All this ought to be a matter of course. But there are many who think that science and art can be made to serve us at a cheaper price, that these stern guilds will give up their secret treasures in extension lectures and chautauqua clubs and twenty minutes a week in the public schools. History will show, I think, that this is not true, that no art and no sort of learning was ever vitally present among a people unless it was there as a living occupation.
Learning has come to us in this sense only within the last quarter-century. We were busy at other things before that. Our fathers were doing--as every people must--what they had to do. They had to live, to establish a government, and to maintain their fundamental faiths. They bent themselves to these tasks with the energy of our breed. And the tasks have shaped our national history and character. They gave us the Declaration of Independence and the American farmer who takes for granted that its principles are true. They gave us Chicago, the Amazon who stands yonder with I will written upon her shield and a throng of men who are fit to serve her will. They gave us a Civil War--men who could fight it and afterwards live together in peace. They gave us industry, law, democracy. But not science, not art. These were not wholly absent, but they were guests. They were here in the persons of a few men who in spite of all difficulties did work at them as a life business.
In this far western village, for example, we had two men who brought here the old English classical learning, two who more than fifty years ago had been trained in the universities of Europe, and one whom the radical instinct which set science going in the first place, called from a village academy into membership in the international guild of scholars. What these men did for sound learning and what they did through their pupils to uplift every occupation in the State, it is wholly beyond our power to measure. But one thing they could not do. They could not furnish to society more men who should devote themselves to learning than society would furnish a living for. And the bare fact is that there was a living for very few such men in America in the days before the war. Within the past quarter-century there has been a change in this respect so great that none fails to see it. The millions that we have spent upon universities and high schools, the vast plant of buildings and libraries and laboratories, fill the public eye with amazement. But all this is the husk of what has happened. The real thing is that these millions, this vast plant, these thousands of positions demanding trained men, have brought to life upon this ground the guild of scholars. We do not need any more to exhort men to become scholars. The spirit which was in Thales and Copernicus, in Agassiz and Kirkwood, calls to the Hoosier farmboy in its own voice, and shows him a clear path by which, if he is fit, he may join their great company.
And, if I am not mistaken, Art, which has also been a guest, is ready at last to become a citizen. Why should it not? What is lacking? Yonder are the works of art and the men who know. Here are the youths some share of whom must by right belong to the service of Art. And here are the millions which go to support men in every molehole of scientific research and other millions spent stupidly and wantonly for whatever the shopkeepers tell us is beautiful.
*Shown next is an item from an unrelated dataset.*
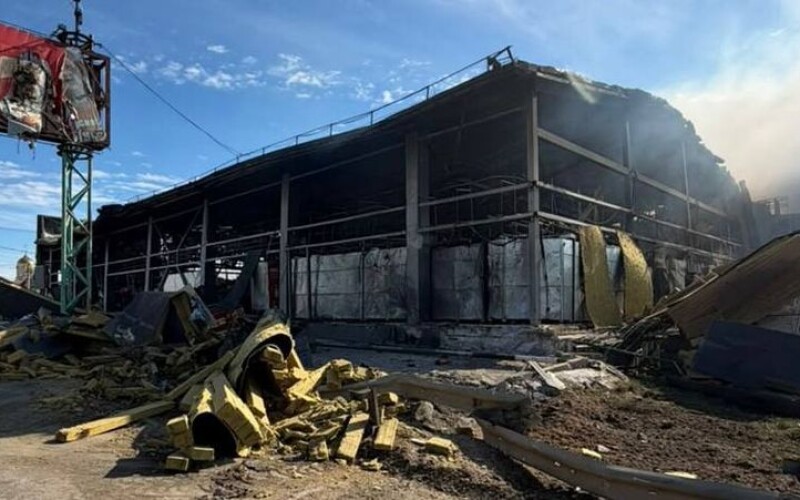 Росія атакувала супермаркет на Одещині реактивним дроном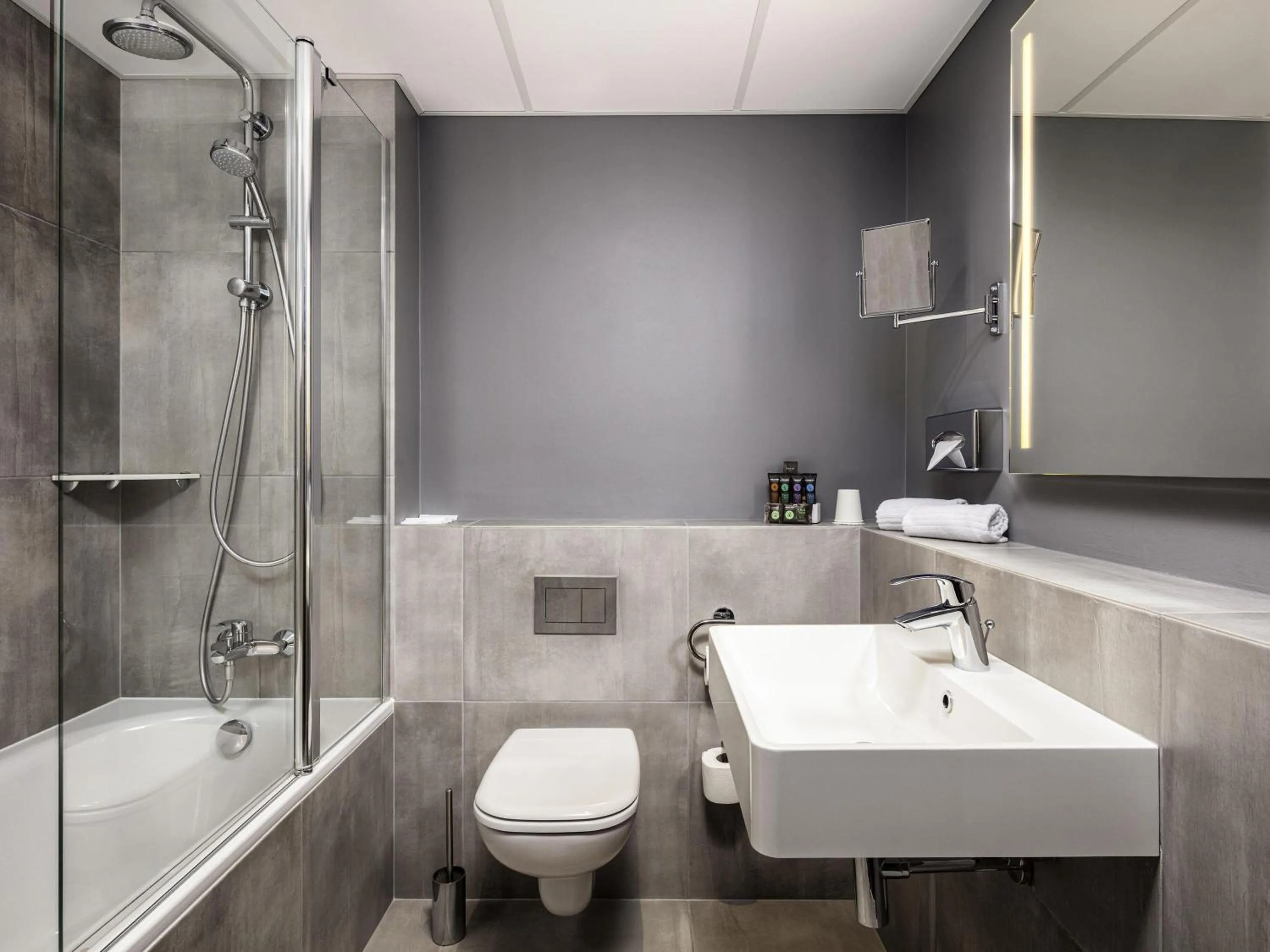 Bedroom in Novotel Poznan Centrum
We could not create these potential forces that make for art. But if it is true that they are here, we can organize them, as David Starr Jordan and the like of him less than twenty years ago organized the forces that make for science. We can make a path through the school and the university along which all the children of the State may go as far as they will and along which those who are fit may enter the artist's life.
"The mission of society," says Geddes, "is to bring to bloom as many sorts of genius as possible." And this it can do only when each sort of genius has the chance to choose freely its own life occupation.
Here, as I think, is the program for our educational system--to make plain highways from every corner of the State to every occupation which history has proved good.
II
However, as matters actually stand at present, it is your good fortune to have a wide range of occupations among which to choose.
It is no light matter to make the choice. It is to elect your physical and social environment. It is to choose where you will work--in a scholar's cloister, on a farm, or in the cliffs of a city street. It is to choose your comrades and rivals. It is to choose what you will attend to, what you will try for, whom you will follow. In a word, it is to elect for life, for better or worse, some one part of the whole social heritage. These influences will not touch you lightly. They will compass you with subtle compulsions. They will fashion your clothes and looks and carriage, the cunning of your hands, the texture of your speech, and the temper of your will. And if you are wholly willing and wholly fit, they can work upon you this miracle: they can carry you swiftly in the course of your single life to levels of wisdom and skill in one sort, which it has cost the whole history of your guild to win.